Sea como sea, la rememoración por medio del olfato se diferencia de otros modos de memoria en la necesidad de un desencadenante químico de mayor o menor complejidad, que se da las más de las veces por azar, y en su relación con la evocación brillante de vivencias antiguas. Podemos tratar de recordar a voluntad imágenes o sonidos, sean música o palabras, pero esa posibilidad no ocurre con la memoria olfativa: no recordamos ese olor que, si resurge por azar, haría revivir lo inefable de lo antiguo, lo que se alberga en el fondo biográfico. No recordamos bien los olores, pero los olores suscitan muy bien los recuerdos.

Con el oído y la vista percibimos respectivamente una banda de ondas sonoras y una parte muy pequeña del espectro electromagnético; también hablamos y reflejamos luz haciéndonos reconocibles a otros. Podemos grabar esas ondas y reproducirlas; podemos oír música, ver películas, hacer fotos… Pero ninguna foto, ningún video ni grabación sonora pueden situarnos en el pasado como puede hacerlo una conjunción de olores, porque el olor parece retrotraernos a lo más emocional, a lo más animal de nuestra sensibilidad, a ese punto en que lo biológico y lo biográfico se encuentran, cuando el mundo es olido de un modo único, para amarlo o devorarlo, para creer por un momento que el eterno retorno de lo mismo es factible. 

¿Por qué no grabar también olores? La respuesta no es sencilla, porque no estamos ante el registro de una onda sonora modulada o de un campo electromagnético, que puedan ser reproducidos, sino ante captación y reproducción de mezclas químicas cualitativa y cuantitativamente precisas. En ese intento se ha dado un paso tan aparentemente tosco como importante por parte de Amy Radcliffe con su prototipo “Madeleine”, con el que el olor de algo, emanado como mezcla gaseosa puede ser captado en una resina desde la que podrá establecerse la composición química de esa mezcla por espectrometría de masas. Ese espectro sería el análogo al negativo de una fotografía en una película sensible o, atendiendo a la complejidad implícita, al patrón de difracción de rayos X de una estructura cristalina. Si el revelado de un negativo parece sencillo, lo es menos la conversión de un patrón de difracción en un modelo estructural, como también lo es la transformación de una información analítica en la síntesis química en proporciones correctas de la mezcla detectada. 
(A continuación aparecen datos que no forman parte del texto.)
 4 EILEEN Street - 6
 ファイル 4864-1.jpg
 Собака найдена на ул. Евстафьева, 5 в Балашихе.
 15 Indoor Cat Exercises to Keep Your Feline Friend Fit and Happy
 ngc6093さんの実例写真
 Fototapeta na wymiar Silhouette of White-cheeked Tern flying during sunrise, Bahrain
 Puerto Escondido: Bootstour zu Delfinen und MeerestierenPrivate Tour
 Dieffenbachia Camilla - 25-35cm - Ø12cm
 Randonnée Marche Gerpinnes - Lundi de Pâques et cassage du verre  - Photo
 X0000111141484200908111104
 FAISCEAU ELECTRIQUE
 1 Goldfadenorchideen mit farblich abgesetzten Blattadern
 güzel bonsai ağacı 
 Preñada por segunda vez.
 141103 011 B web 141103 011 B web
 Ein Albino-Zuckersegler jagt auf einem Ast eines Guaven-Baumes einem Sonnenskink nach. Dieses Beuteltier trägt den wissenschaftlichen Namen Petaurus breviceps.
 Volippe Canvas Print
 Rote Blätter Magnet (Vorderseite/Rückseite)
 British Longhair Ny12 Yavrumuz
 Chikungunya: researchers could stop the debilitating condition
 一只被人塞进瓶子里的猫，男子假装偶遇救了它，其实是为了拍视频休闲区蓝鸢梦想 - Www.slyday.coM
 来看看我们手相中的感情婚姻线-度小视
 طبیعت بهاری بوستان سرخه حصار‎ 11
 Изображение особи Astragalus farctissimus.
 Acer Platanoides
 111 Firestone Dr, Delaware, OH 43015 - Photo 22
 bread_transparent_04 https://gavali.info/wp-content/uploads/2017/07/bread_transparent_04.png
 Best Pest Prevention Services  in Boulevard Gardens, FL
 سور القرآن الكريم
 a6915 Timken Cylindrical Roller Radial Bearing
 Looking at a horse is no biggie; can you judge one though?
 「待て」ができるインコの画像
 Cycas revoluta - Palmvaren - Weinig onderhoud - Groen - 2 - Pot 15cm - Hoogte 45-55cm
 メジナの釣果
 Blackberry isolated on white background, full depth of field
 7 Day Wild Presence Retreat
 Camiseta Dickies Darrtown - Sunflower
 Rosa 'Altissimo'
Es decir, estaríamos en la primera fase del proceso: un registro analógico, en "negativo", del olor. ¿Qué ocurriría si se lograse el objetivo de reproducir lo que lo origina, la fase de revelado del negativo? Es difícil pronosticarlo pero algo así permitiría múltiples experimentos en modelos animales y en seres humanos, que abrirían las puertas a la comprensión del recuerdo que quizá sea más primordial, aquél en que lo más visceralmente biográfico entroncaría con nuestra animalidad.